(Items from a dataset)
*****

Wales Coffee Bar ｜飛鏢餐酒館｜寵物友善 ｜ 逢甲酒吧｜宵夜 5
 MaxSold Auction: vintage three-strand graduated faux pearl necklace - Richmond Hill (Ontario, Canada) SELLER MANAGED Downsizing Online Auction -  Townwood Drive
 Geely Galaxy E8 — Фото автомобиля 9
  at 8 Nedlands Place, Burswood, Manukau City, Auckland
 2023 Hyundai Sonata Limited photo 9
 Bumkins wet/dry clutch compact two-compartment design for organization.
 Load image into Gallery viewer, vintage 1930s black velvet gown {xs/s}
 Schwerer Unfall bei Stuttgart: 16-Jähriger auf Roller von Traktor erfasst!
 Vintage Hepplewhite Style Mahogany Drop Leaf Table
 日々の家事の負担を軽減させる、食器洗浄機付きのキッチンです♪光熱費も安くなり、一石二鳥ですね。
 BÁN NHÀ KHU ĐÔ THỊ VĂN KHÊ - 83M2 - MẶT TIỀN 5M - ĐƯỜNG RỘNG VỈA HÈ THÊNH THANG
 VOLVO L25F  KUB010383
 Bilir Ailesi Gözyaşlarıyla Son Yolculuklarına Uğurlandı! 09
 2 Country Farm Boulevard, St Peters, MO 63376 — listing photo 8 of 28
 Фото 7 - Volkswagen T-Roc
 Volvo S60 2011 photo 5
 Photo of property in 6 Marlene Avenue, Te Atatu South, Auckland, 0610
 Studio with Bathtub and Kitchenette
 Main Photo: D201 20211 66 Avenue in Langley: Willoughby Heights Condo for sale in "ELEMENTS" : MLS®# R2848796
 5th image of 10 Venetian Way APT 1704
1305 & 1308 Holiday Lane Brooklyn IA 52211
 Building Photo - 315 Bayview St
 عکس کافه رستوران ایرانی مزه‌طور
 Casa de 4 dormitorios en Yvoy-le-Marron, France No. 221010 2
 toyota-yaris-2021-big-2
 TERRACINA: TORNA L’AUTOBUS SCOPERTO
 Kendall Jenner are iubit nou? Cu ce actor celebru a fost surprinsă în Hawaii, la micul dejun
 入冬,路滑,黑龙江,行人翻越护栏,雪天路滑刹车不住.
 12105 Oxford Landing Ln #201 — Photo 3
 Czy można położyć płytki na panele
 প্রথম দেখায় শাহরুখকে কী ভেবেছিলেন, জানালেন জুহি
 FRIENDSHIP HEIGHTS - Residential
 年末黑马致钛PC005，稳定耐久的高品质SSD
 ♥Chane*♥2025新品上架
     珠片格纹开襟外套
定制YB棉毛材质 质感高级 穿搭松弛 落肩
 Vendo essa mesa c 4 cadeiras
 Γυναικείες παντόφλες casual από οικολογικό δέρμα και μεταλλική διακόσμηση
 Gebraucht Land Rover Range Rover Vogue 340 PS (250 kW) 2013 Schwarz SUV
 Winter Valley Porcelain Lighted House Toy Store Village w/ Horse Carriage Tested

*****

- [Exercise directions]
Could you print the lines of the records above from the one containing "Γυναικείες παντόφλες casual" through the last, exactly and with no additions?

- [Answer for this exercise]
 Γυναικείες παντόφλες casual από οικολογικό δέρμα και μεταλλική διακόσμηση
 Gebraucht Land Rover Range Rover Vogue 340 PS (250 kW) 2013 Schwarz SUV
 Winter Valley Porcelain Lighted House Toy Store Village w/ Horse Carriage Tested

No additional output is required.